Judith Panther / 29.06.2023

(Teil 3) … Jetzt, wo Nuhr Gefahr läuft, als einer der zahllosen Handlanger des größten Verbrecherregimes aller Zeiten enttarnt zu werden, wo er zu ahnen beginnt, daß seine eigenen Faktenchecker ihn anscheinend von vorne bis hinten verarscht haben und er selber bei seinen eigenen Recherchen offenbar den Lügen des Mainstream aufgesessen ist, werden wir Zeugen, wie er versucht, von dieser unrühmlichen Vergangenheit Stück für Stück, ein neues Bild zu framen gewissermaßen eine Wahnerinnerung aufzurufen. Ob er damit nur sich selbst oder auch alle anderen täuschen will – im Qualitätsmedien-Betrieb findet er dafür auf jeden Fall genügend willfährige Unterstützer, viele Tilos, die ihrerseits hoffen, der Dreck an ihrem eigenen Stecken bliebe für immer unter der Decke, unter der sie immer noch stecken, obwohl der Mief in ihrer medialen Pupsblase langsam in den Augen beißen dürfte. Fast 3 Stunden geht das Interview mit Jung, doch nur in den letzten 10 Minuten wird das Corona-Thema kurz angerissen und ganz offensichtlich auch nur, um Nuhr Gelegenheit zu geben, ein weiteres Puzzleteil im Um-Framing zu installieren. Es geht dabei vorwiegend um sein Verhältnis zu den Lockdown-Maßnahmen und der „allesdichtmachen“-Aktion. Er windet sich mit gewohnter Aalglätte hindurch, nicht Fisch, nicht Fleisch, nach dem Motto „also manche Maßnahmen haben mich schon auch genervt aber die Leute von allesdichtmachen haben mich halt auch irgendwie gelangweilt“. Also beleidigt er die mutigen Akteure auch noch künstlerisch und vermittelt dabei dem Zuhörer auf subtile Weise den Eindruck, er, Nuhr, hätte vielleicht sogar mitgemacht, wäre die Aktion nicht so langweilig gewesen.

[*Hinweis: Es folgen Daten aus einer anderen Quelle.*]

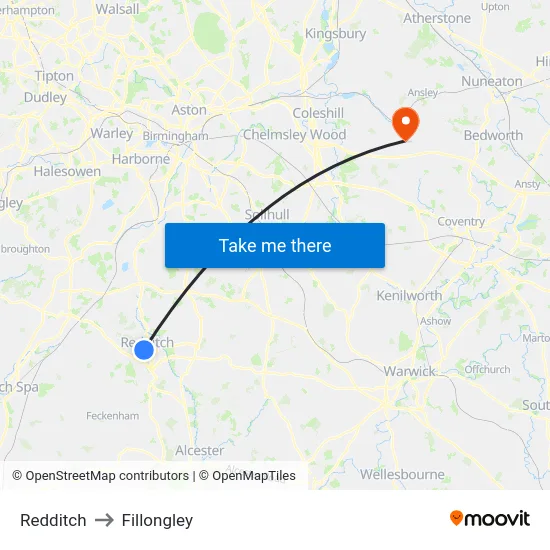 Redditch to Fillongley map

Stattdessen hat er dann halt lieber bei ich-habe-mitgemacht mitgemacht. (Auf ins Finale )

Judith Panther / 29.06.2023

(Finale): Doch hören Sie selber, wie Dieter Nuhr bei 02:45:35 allen Ernstes folgenden Satz raushaut, den ich, um die wahre Absicht dahinter deutlich zu machen, bewußt aus dem Zusammenhang gerissen habe. Nuhr wörtlich: „Ich war ja auch schon Corona-Leugner ...“.  Ja, nee, is´ klar. Nuhr war Corona-Leugner, alle waren sie im Widerstand und ich bin ein Berliner. Leider hat Nuhr es mit seiner kleinen Volksverhetzung für Zweihirnige Lebewesen nicht in das Buch von „wir-haben-mitgemacht“ geschafft, dessen Cover inzwischen bekanntlich das berühmte Zitat eines anderen „Corona-Leugners“ vom Schlage Nuhr ziert. Für mich Anlaß genug, Herrn Nuhr auch zukünftig hier und andernorts fröhlich weiterzudenunzieren. „Nuhr zur Erinnerung“ ...

Boris Kotchoubey / 29.06.2023

@Fritz Irmgardson: “Böhmermann hat NUR Stinkefinger.” Nein! Böhmermann IST nur ein Stinkefinger.

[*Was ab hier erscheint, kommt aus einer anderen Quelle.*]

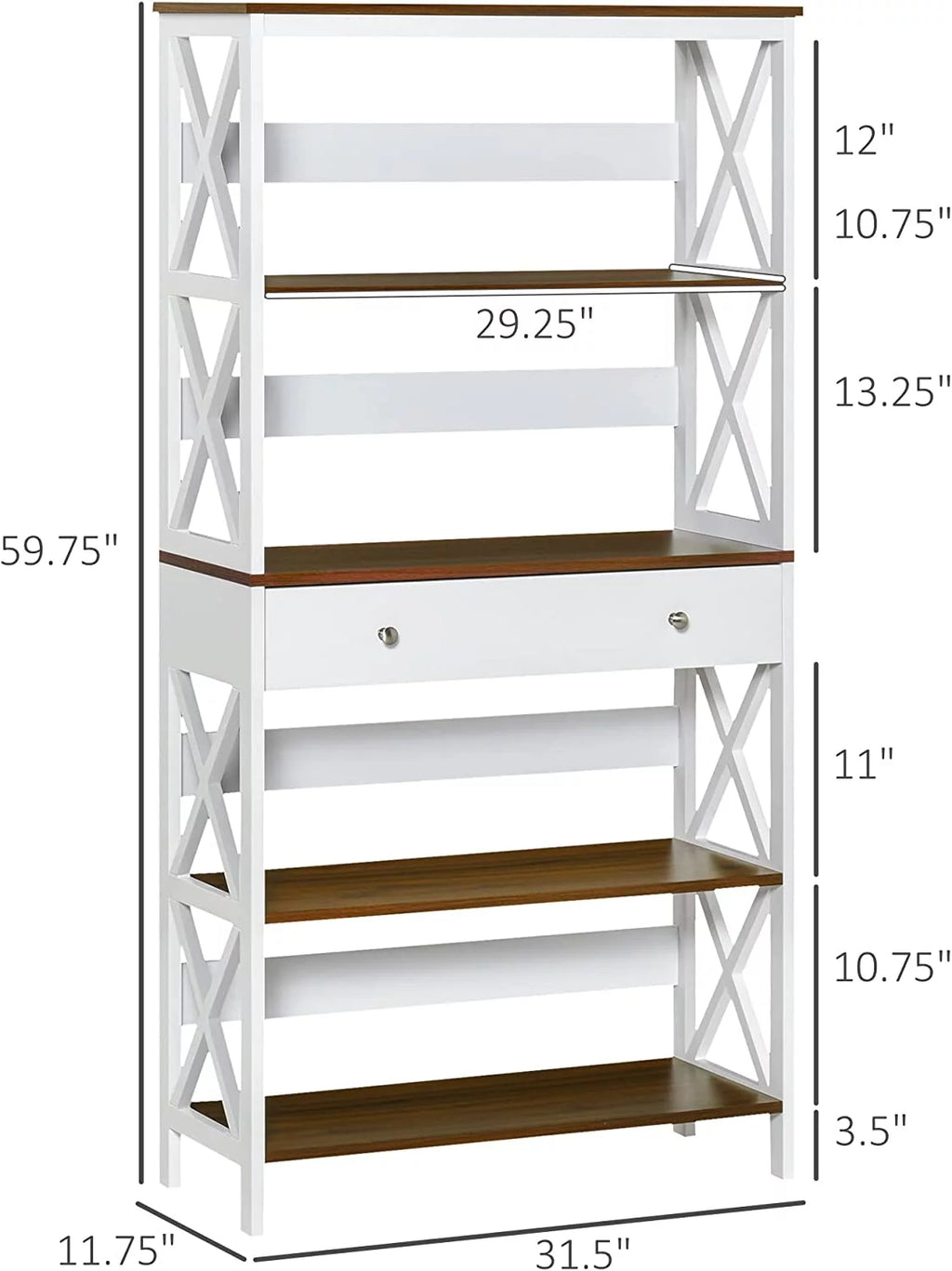 4-Tier White Shelving Bookcase with Drawer P91004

Michael Eiber / 29.06.2023

Die einzige Lösung im Moment: GEZ Zahlen und Nicht-Anschauen! - - Ganz ähnlich, der Demokratie-Kompromiss: Politik Kritisieren aber Nicht-Wählen! - - Kaputte Gesellschaften verlangen auch von den Anständigen, dass sie “verrückte Entscheidungen” treffen.